Além de filtrarem a urina, os rins ajudam a manter a pressão arterial, auxiliam o coração e no correto funcionamento dos músculos, mantêm os ossos saudáveis e estimulam a produção de glóbulos vermelhos. Dormir pouco pode reduzir a capacidade dos rins desempenharem essas funções no longo prazo.
Efeitos do ciclo circadiano no sistema reprodutivo
Segundo o endocrinologista Dr. Rodrigo Rosa, especialista em reprodução humana, dormir mal de forma contínua pode interferir na fertilidade. Ou seja, o efeito do ciclo circadiano irregular tem impacto no sistema reprodutivo.

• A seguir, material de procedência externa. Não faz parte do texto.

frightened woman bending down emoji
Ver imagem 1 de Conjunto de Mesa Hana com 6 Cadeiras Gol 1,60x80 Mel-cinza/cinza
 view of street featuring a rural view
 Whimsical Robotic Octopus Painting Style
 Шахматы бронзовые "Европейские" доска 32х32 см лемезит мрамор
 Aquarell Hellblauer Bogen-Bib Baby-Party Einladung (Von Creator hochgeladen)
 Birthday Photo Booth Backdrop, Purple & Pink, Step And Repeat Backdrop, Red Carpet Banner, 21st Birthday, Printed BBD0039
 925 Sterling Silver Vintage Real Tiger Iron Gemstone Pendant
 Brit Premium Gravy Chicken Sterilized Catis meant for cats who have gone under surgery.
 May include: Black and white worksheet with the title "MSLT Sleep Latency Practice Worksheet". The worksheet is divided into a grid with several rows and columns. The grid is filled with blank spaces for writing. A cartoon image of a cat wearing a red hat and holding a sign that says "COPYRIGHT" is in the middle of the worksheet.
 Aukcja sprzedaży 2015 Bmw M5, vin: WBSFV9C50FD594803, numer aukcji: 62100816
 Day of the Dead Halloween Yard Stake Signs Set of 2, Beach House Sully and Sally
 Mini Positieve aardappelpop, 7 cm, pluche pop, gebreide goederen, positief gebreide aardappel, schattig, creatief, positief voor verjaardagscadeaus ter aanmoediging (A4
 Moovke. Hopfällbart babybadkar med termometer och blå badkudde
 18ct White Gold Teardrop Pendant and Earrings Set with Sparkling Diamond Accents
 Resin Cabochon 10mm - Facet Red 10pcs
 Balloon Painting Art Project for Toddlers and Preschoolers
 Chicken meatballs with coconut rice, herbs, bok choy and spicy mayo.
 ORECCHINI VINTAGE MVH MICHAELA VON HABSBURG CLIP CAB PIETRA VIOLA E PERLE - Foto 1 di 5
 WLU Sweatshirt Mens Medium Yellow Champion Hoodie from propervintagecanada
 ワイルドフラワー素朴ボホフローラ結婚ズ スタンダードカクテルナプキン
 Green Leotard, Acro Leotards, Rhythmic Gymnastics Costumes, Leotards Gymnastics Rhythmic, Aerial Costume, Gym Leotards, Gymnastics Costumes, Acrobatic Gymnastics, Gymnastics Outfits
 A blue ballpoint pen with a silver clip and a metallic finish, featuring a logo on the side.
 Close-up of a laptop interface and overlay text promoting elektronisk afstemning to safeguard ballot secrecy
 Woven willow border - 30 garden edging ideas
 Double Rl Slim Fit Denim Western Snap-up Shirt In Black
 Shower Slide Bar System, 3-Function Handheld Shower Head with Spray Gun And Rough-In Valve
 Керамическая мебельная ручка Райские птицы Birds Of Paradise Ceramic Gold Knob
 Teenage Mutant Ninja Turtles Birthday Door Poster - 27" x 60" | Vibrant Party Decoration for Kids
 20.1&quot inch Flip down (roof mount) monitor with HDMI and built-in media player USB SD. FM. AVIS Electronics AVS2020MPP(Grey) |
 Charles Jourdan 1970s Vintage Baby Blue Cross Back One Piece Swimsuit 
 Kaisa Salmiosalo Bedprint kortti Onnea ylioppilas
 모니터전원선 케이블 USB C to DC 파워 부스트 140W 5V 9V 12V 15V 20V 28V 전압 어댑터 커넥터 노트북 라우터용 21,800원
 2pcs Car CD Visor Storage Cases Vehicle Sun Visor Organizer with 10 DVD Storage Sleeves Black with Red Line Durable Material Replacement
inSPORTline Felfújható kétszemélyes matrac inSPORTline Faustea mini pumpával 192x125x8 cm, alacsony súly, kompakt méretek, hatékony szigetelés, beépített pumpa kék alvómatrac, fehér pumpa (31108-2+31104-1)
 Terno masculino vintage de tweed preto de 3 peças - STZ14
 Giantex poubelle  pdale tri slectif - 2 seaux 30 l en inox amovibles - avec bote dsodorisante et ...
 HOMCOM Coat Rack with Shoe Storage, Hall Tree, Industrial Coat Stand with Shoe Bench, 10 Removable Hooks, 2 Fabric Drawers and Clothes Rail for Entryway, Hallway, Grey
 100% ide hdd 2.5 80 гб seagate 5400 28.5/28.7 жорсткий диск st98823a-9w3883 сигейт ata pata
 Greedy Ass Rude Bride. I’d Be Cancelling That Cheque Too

“O sono é fundamental para o bom funcionamento da hipófise, glândula presente no cérebro que é responsável pela […] estimulação dos ovários e dos testículos. Logo, quando o período de repouso é curto ou de pouca qualidade, essa glândula não funciona da maneira como deveria, o que, consequentemente, interfere na fertilidade”, explica o profissional.
Implicações causadas na pele
Existem danos na pele influenciados pela má qualidade do sono ou bagunça dos ritmos circadianos. “Durante o sono, ocorre um relaxamento muscular, que evita as rugas de expressão pela mímica facial durante o dia, e a liberação de substâncias como o hormônio do crescimento (GH), que é responsável pelo desenvolvimento e renovação celular, inclusive das células de colágeno, que são fundamentais para a firmeza e viço da pele”, destaca a dermatologista Dra. Paola Pomerantzeff, membro da Sociedade Brasileira de Dermatologia.
Ela reforça que noites mal dormidas, além de diminuírem a produção de colágeno, são capazes de aumentar a liberação de hormônios do estresse, como o cortisol, com consequente aumento de radicais livres, oxidação das células da pele e aceleração do processo de envelhecimento cutâneo.
Mudanças na rotina são importantes
Melhorar a qualidade do sono, bem como mudar hábitos para controlar o estresse, pode ser uma luta difícil, mas vale a pena resistir. Para Dra. Deborah Beranger, existem práticas que podem ajudar nessa mudança.
“Busque realizar uma atividade física de que você goste. Quando seu corpo gasta energia, fica mais fácil regular o sono e diminuir o estresse. Ainda, tente uma alimentação mais saudável, evite gorduras excessivas principalmente à noite. Quanto ao estresse do trabalho, o ideal é aproveitar tentar relaxar quando chega em casa lendo um livro, fazendo meditação ou até terapia […]”, recomenda.